> **What the task asks**:
Only the pictures are to be dropped; the rest of the data below is to be duplicated exactly.

> **Material provided**:
- - - - - - -

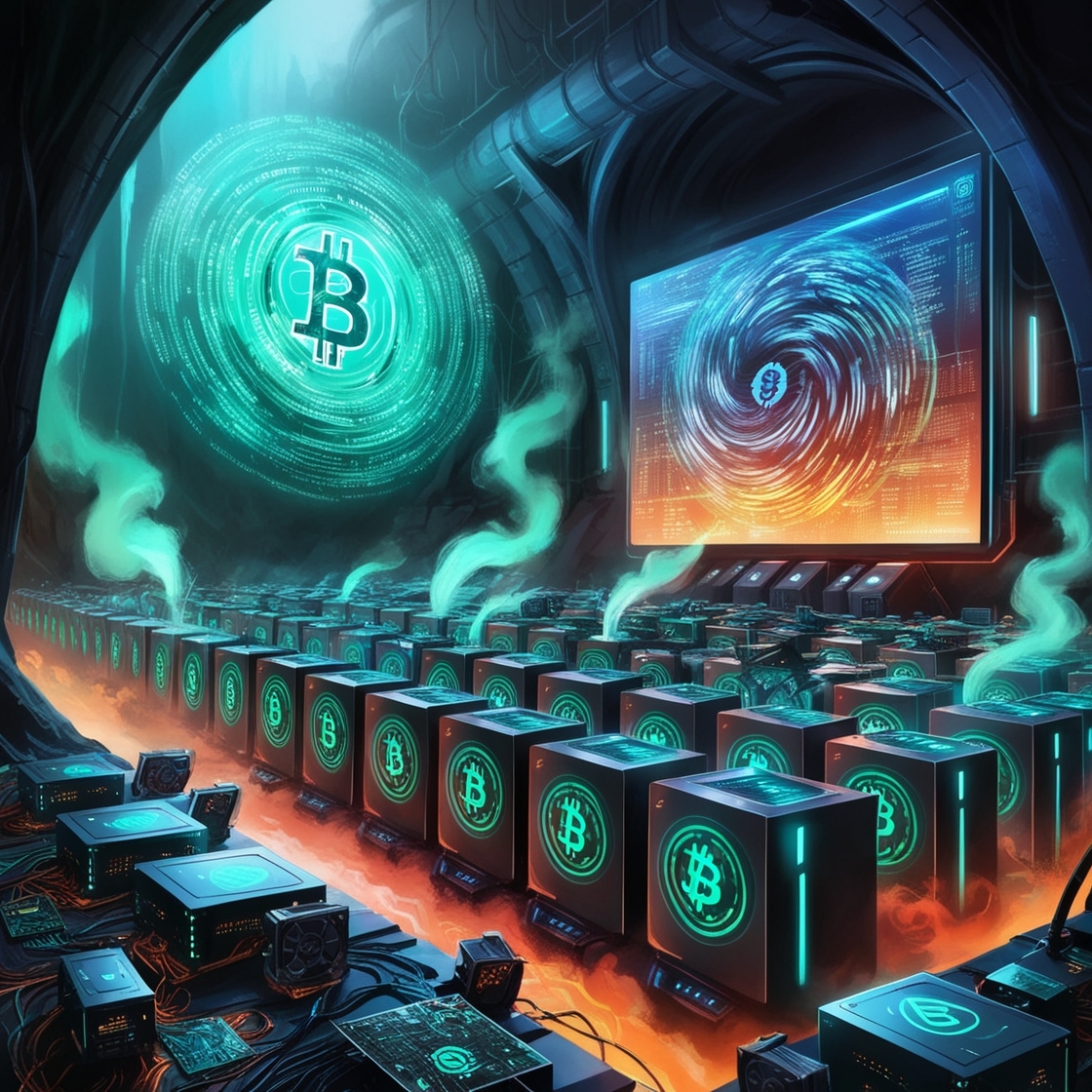 Cryptocurrency mining operation, digital illustration, a futuristic underground lair filled with rows of sleek, neon-lit servers humming with activity, surrounded by eerie luminescent mist, and a gigantic holographic display projecting a swirling storm of blockchain transactions; an atmospheric palette of electric blues, emerald greens, and fiery oranges evoking a sense of technological sorcery; with subtle gradient shadows and cyberpunk undertones, additional details include circuit boards, wires, and high-tech gadgets strewn about the scene.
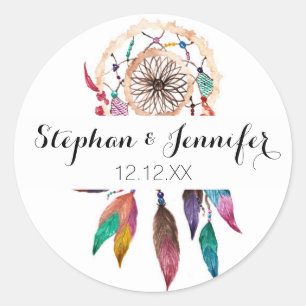 Bohemian Drocatcher in Vibrant Waterverf Paint Ronde Sticker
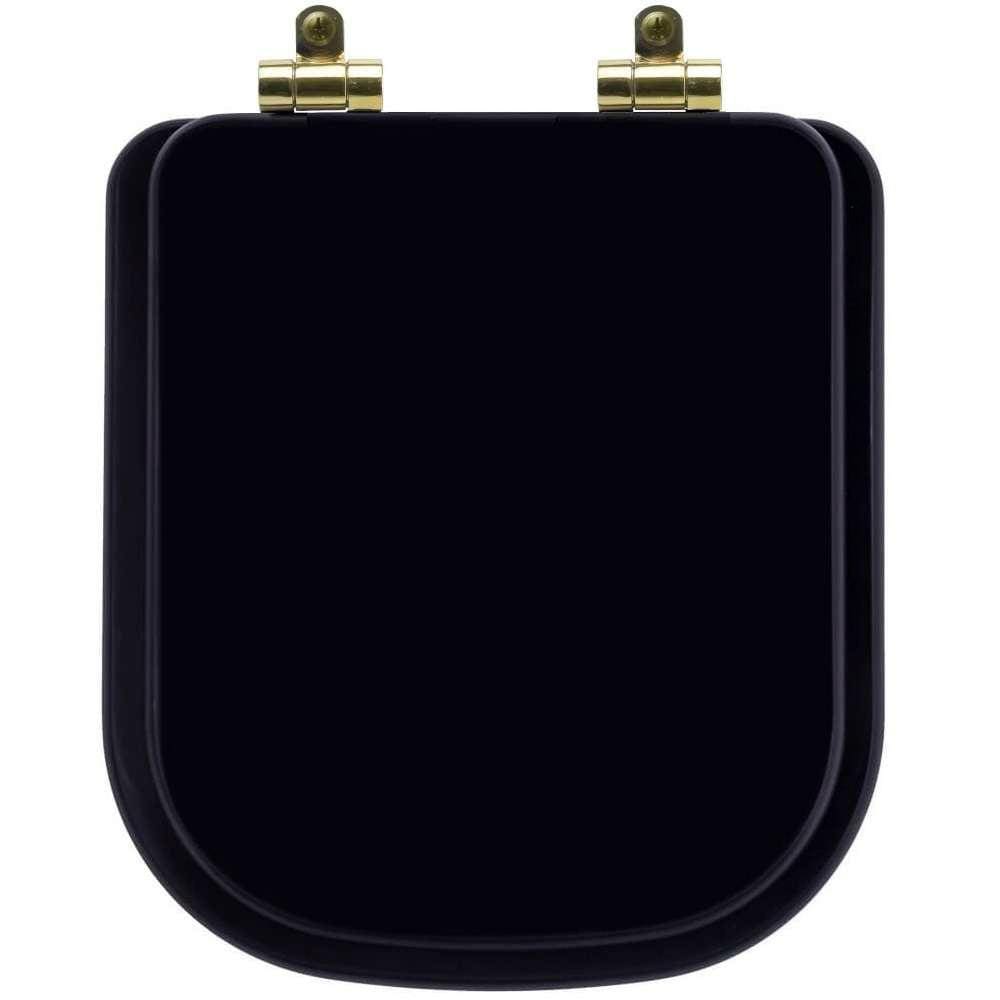 Tampa de Vaso Poliéster Com Fechamento Lento Quadra Preto para Louça Deca com Ferragem Dourada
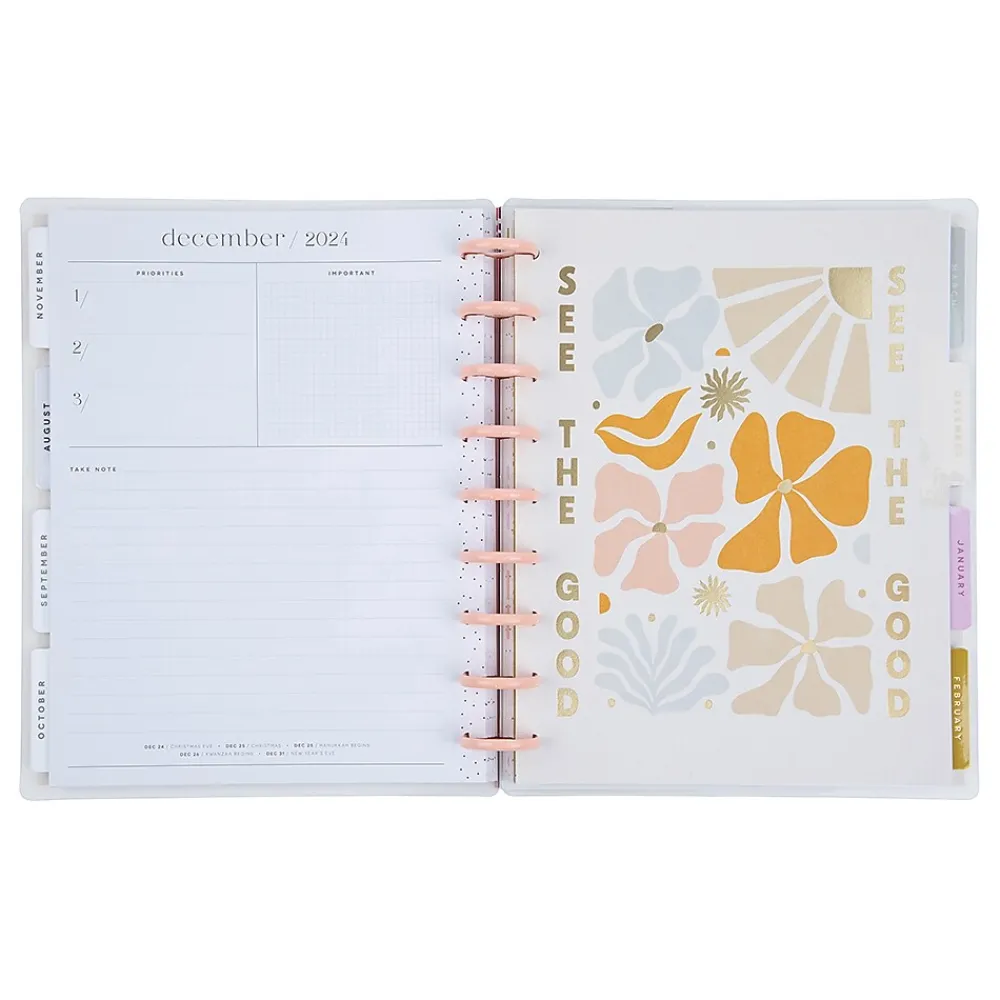 Academic Planners|The Happy Planner 2024-2025 Desert Thistle 7" x 9.25" Academic Weekly & Monthly Planner, Plastic Cover, Multicolor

- - - - - - -

> **Solution**:
 Cryptocurrency mining operation, digital illustration, a futuristic underground lair filled with rows of sleek, neon-lit servers humming with activity, surrounded by eerie luminescent mist, and a gigantic holographic display projecting a swirling storm of blockchain transactions; an atmospheric palette of electric blues, emerald greens, and fiery oranges evoking a sense of technological sorcery; with subtle gradient shadows and cyberpunk undertones, additional details include circuit boards, wires, and high-tech gadgets strewn about the scene.
 Bohemian Drocatcher in Vibrant Waterverf Paint Ronde Sticker
 Tampa de Vaso Poliéster Com Fechamento Lento Quadra Preto para Louça Deca com Ferragem Dourada
 Academic Planners|The Happy Planner 2024-2025 Desert Thistle 7" x 9.25" Academic Weekly & Monthly Planner, Plastic Cover, Multicolor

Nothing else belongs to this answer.